AND ITS SUBSIDIARIES
NOTES TO CONSOLIDATED FINANCIAL STATEMENTS
--------------------------------------------------------------------------------
U.S. DOLLARS IN THOUSANDS
NOTE 11:- TAXES ON INCOME
a. Tax benefits under the Law for the Encouragement of Capital
Investments, 1959 (the "Law"):
Seven expansion programs of the Company have been granted "Approved
Enterprise" status under the Law. For these expansion programs, the
Company has elected the alternative benefits track, waiving grants in
return for tax exemptions. Pursuant thereto, the income of the Company
derived from the following "Approved Enterprise" expansion programs is
tax-exempt for the periods stated below and will be eligible for
reduced tax rates thereafter (such reduced tax rates are dependent on
the level of foreign investments in the Company), as described below.
1. The period of the benefits for the first program and its four
extensions has already ended as of December 31, 2006.
2. The fifth program entitles the Company to a tax exemption for a
four-year period ended December 31, 2000, and is subject to a
reduced tax rate of 25% for an additional period of six years.
The period of benefits for this program has not yet commenced.
3. In each of January 1998, November 1998 and November 2002, the
Company received approvals for other expansions of its "Approved
Enterprise" status, which entitles the Company to a two-year tax
exemption period for each expansion and to a reduced tax rate of
25% for an additional period of five to eight years. The period
of benefits for those expansions has not yet commenced.
The tax benefit periods provided by the fifth, sixth, seventh and
eighth programs end at the earlier of 12 years from the
commencement of production, or 14 years from receipt of the
approval. As the Company currently has no taxable income, these
benefits have not yet commenced.
The benefits available to an enterprise are conditional upon the
fulfillment of conditions stipulated in the Law and its
regulations and the criteria set forth in the specific letters of
approval. In the event that the Company does not meet these
conditions, it would be required to refund the amount of tax
benefits, with the addition of interest and linkage adjustment to
the Israeli Consumer Price Index ("CPI"). In the opinion of the
Company's management, the Company has been in full compliance
with the conditions of the above programs through December 31,
2006, and with respect to the first eight programs, has received
written confirmation to this effect from the Investment Center.
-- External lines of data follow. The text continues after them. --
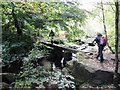 Footbridge over the Cragg Brook in HX7 5TJ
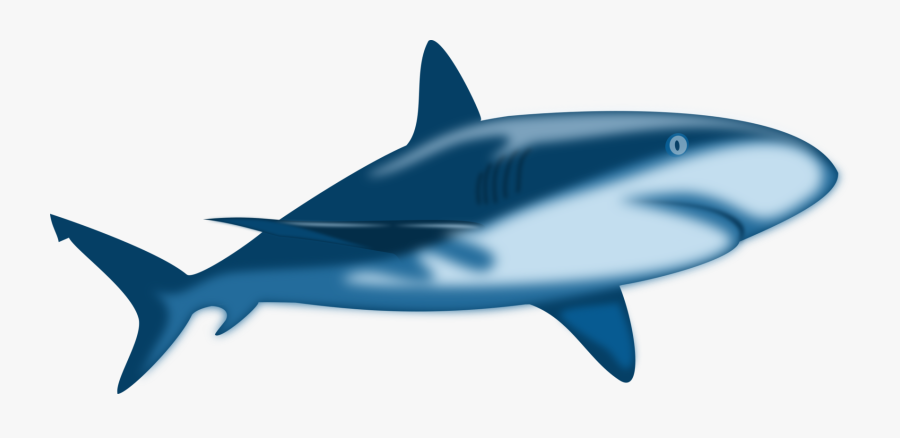 Cobalt Blue,shark,whales Dolphins And Porpoises - Cartoon Great White Shark, Transparent Clipart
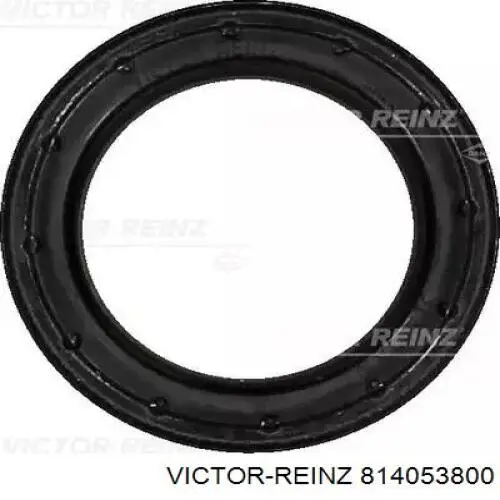 Comprar 814053800 Victor Reinz Retén, árbol de levas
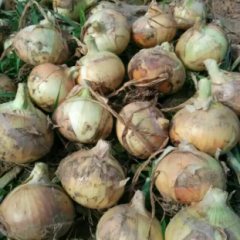 河南新野红皮/黄皮洋葱已大量上市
If dividends were to be distributed out of tax-exempt profits
deriving from an "Approved Enterprise", the Company would be
liable for corporate tax at a rate of 25%. The Company does not
anticipate paying dividends in the foreseeable future.
F - 29
MAGIC SOFTWARE ENTERPRISES LTD.
AND ITS SUBSIDIARIES
NOTES TO CONSOLIDATED FINANCIAL STATEMENTS
--------------------------------------------------------------------------------
U.S. DOLLARS IN THOUSANDS
NOTE 11:- TAXES ON INCOME (CONT.)
Income from sources other than the "Approved Enterprise" during
the benefit period will be subject to tax at the regular
corporate tax rate (see Note 11d below).
On April 1, 2005, an amendment to the Investment Law came into
effect ("the Amendment") and has significantly changed the
provisions of the Investment Law. The Amendment limits the scope
of enterprises which may be approved by the Investment Center by
setting criteria for the approval of a facility as an Approved
Enterprise, such as provisions generally requiring that at least
25% of the Approved Enterprise's income will be derived from
export. Additionally, the Amendment enacted major changes in the
manner in which tax benefits are awarded under the Investment Law
so that companies no longer require Investment Center approval in
order to qualify for tax benefits.
As a result of the April 2005 amendment, tax-exempt income
generated under the provisions of the new law will subject us to
taxes upon distribution of the tax-exempt income to shareholders
or liquidation of the company, and we may be required to record a
deferred tax liability with respect to such tax-exempt income.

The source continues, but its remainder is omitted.